I need each line of the entries below that includes the string "featuring".

* [Collected data entries]
==================================================
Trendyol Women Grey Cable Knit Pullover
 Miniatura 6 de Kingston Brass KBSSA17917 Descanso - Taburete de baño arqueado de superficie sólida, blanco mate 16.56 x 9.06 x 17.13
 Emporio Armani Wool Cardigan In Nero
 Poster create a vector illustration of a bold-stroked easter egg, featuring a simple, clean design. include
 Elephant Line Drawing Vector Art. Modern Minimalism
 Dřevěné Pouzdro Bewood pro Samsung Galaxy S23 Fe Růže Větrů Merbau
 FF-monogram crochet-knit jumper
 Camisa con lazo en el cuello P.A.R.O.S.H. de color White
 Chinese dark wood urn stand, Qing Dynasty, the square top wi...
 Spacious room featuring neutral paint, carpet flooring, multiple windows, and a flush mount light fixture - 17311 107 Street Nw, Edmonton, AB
==================================================
* [Task solution]
 Poster create a vector illustration of a bold-stroked easter egg, featuring a simple, clean design. include
 Spacious room featuring neutral paint, carpet flooring, multiple windows, and a flush mount light fixture - 17311 107 Street Nw, Edmonton, AB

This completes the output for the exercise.